(Items from a data source)
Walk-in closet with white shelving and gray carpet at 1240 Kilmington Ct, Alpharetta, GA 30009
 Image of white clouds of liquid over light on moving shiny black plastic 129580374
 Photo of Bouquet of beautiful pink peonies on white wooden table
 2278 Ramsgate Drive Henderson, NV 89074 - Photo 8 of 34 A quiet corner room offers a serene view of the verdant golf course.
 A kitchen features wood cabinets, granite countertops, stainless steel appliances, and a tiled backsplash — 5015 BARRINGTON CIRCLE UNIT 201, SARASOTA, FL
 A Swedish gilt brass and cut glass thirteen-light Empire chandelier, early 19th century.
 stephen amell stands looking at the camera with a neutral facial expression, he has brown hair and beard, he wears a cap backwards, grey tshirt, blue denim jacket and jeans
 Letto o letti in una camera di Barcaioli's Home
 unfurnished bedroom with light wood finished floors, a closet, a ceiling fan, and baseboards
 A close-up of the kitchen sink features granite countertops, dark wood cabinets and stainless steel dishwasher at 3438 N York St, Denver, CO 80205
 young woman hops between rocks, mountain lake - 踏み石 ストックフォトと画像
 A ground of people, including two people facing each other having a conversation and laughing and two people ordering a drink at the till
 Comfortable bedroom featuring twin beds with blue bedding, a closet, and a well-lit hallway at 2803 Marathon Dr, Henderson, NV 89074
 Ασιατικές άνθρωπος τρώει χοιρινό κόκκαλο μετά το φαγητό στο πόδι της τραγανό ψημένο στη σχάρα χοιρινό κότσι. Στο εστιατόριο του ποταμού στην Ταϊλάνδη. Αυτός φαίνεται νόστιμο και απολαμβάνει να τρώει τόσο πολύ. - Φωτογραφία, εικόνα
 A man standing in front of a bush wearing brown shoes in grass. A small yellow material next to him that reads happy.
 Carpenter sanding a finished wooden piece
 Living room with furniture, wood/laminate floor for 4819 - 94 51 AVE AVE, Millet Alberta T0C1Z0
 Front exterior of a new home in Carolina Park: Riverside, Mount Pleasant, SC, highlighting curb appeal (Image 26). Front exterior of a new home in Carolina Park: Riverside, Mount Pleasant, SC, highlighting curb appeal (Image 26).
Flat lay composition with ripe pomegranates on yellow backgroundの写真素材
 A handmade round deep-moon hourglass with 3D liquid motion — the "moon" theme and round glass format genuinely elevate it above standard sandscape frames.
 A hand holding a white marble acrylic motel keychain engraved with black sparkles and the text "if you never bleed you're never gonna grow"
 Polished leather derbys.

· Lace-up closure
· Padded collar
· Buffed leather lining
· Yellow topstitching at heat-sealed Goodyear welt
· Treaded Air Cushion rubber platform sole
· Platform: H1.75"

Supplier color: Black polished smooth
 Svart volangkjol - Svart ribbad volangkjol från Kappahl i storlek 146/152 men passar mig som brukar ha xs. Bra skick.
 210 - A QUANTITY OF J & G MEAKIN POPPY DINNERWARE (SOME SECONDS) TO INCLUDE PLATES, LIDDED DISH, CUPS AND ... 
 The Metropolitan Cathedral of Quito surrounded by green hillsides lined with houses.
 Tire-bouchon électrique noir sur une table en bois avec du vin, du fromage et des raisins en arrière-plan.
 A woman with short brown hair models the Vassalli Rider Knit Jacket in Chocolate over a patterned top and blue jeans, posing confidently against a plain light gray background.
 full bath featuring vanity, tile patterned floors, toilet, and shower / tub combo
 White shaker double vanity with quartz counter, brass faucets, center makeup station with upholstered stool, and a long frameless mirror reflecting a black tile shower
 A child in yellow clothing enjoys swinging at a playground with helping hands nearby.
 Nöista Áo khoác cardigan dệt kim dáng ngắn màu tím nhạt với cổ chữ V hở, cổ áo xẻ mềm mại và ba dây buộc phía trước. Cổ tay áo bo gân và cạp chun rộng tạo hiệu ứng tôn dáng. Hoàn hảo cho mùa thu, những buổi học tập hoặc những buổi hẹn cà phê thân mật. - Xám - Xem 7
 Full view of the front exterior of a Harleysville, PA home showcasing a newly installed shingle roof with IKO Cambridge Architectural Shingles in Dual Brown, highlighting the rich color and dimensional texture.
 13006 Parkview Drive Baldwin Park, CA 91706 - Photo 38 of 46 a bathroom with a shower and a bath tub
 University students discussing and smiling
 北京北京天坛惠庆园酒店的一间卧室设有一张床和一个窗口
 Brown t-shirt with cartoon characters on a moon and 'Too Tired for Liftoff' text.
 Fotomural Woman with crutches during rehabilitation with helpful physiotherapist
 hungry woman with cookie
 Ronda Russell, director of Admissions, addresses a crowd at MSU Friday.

- WHAT THE EXERCISE ASKS: Quote exactly the first line of the data and every line after it through the one holding "Photo of Bouquet".

- RESULT OF THE TASK:
Walk-in closet with white shelving and gray carpet at 1240 Kilmington Ct, Alpharetta, GA 30009
 Image of white clouds of liquid over light on moving shiny black plastic 129580374
 Photo of Bouquet of beautiful pink peonies on white wooden table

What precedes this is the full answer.